Out of idle interest, what's your basis for saying that?
Well…..

We know (thanks to the Eastern Daily Press and Wing Commander Butcher, OC 617, that the first four jets did not turn a wheel between their arrival on 6 June and Thursday 28 June, when one flew the first sortie, to some fanfare.

My sources (sauces?) tell me they've flown 21 sorties since then - including a number of three-ships connected with the RAF100 flypast over London and Fairford, and the 617 flypast at Fairford. If true that doesn't leave many for the high tempo of training that we'd surely normally have expected in preparation for IOC in four months time, and the participation in Exercise Cobra Warrior and the ‘war week’ that are supposed to precede that.

I had thought that perhaps the pilots were busy practising all the tactics etc. that can't be flown in the real world in the synthetic environment, but of course the sims aren't up and running yet.

In the EDP interview, Wg Cdr Butcher was quoted as saying:

"But I know the aircraft took off and landed safely, and now we just need to see how the processes [that] are in place [work] now that we have done one flight.

“We need to make sure the engineers are going through the correct processes, we need to make sure the logistics and supply chain are there and in place to support us."


(I'd probably be accused of being unduly cynical if I was to opine that perhaps those are the kinds of things that are usually checked before a squadron moves into its permanent home?)

“And we need to make sure that any outstanding actions that may have come from this first flight are covered off. So it could still be a few more days before we fly again.”

Wg Cdr Butcher said the plan for the first flight was to “stay mainly local”, so that the systems could be checked, and the performance of the aircraft could be observed.

Asked why it has taken three weeks to get from the initial UK landing to the first flight, he said that “in big handfuls” acceptance checks on the jets have had to be carried out.

“We have had to move them across from the American electronic servers across to ours, and do all of the data checks and make sure all of the data is there from an airworthiness perspective, to then verify those and accept them on to the squadron,” he said.

"None of it is anything that we didn’t plan for in terms of contingency, so we have been working through those in a methodical fashion to make sure that we can get the jets into a serviceable state to take them flying in a safe manner.”

“We have had some bits of missing data during that transfer, so we have been working through that.


(I'd perhaps be accused of having a Cold War mindset if I asked whether this would have been avoided had a new RAF fighter spent a little time at Boscombe Down prior to the stand up of the first operational squadron?) But in the brave new world of today, perhaps, as Wing Commander Butcher told the EDP:

"But, this is all business as usual for us."

One wonders, perhaps, whether this is the consequence of the reported early partial (80%) availability of full ALIS functionality? Or whether the Anvil infrastructure programme isn't running a little late?

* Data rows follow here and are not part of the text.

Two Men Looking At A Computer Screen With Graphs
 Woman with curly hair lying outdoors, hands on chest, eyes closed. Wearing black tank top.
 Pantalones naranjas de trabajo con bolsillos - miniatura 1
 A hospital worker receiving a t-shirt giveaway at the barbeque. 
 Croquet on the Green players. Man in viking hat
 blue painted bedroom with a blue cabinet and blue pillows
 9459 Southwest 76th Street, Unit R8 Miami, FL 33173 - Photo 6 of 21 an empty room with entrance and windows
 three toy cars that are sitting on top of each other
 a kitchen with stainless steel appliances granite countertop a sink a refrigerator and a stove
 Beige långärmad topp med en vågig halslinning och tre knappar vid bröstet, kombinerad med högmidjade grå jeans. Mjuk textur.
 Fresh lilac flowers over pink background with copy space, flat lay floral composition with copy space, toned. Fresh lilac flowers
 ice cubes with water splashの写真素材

Or whether the reports of the "Norfolk ploughman" accidentally digging up a major fibre optic spine with is JCB may be less fanciful than one would have hoped? Or perhaps whether bringing the jets over two months early to satisfy the Secretary of State's wish to have them in the flypast may have not had some unintended consequences?

All of that is half-baked speculation based on rumour and scuttlebutt, and I genuinely hope that there's a logical, rather less hysterical explanation. I wish that there had been a robust comms/press engagement strategy so that journos weren't left assuming the worst and asking damn fool questions. Maybe the truth is that with Marham not fully ready, and having supported the RAF100 events, someone thought quite sensibly that 617 deserved a bit of Block Leave in July and August, prior to what will, no doubt be a very busy period for the Squadron?

Or maybe it's an inevitable consequence of introducing what Air Chief Marshal Sir Stephen Hillier, the Chief of the Air Staff called“the most advanced and dynamic fighter jet” in RAF history, and one that represents an historic moment in British airpower, promising to “take the Royal Air Force and Royal Navy to a whole a new level of capability?”